§ **Data supplied**:
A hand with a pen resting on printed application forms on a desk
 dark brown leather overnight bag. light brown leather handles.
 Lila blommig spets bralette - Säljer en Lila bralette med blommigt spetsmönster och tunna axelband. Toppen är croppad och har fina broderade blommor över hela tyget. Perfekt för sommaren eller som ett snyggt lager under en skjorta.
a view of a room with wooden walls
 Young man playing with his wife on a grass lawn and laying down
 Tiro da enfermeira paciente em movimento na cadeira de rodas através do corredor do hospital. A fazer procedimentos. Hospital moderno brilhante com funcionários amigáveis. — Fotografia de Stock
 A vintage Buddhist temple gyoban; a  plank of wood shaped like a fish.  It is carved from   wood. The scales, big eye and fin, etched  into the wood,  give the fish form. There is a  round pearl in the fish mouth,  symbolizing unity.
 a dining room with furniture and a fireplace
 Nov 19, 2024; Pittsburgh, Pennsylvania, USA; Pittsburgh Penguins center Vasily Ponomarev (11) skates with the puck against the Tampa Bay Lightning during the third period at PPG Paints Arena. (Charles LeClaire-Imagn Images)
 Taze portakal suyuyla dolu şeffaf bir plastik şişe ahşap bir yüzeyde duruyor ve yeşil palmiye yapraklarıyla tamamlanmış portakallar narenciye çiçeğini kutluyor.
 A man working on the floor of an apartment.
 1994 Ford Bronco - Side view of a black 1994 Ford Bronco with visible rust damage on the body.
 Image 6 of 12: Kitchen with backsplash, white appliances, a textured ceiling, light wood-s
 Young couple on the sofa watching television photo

§ **Directions**: Looking at the material above, please copy exactly every line from its first line through the line containing "dark brown leather", with both ends included and nothing else.

§ **Output**:
A hand with a pen resting on printed application forms on a desk
 dark brown leather overnight bag. light brown leather handles.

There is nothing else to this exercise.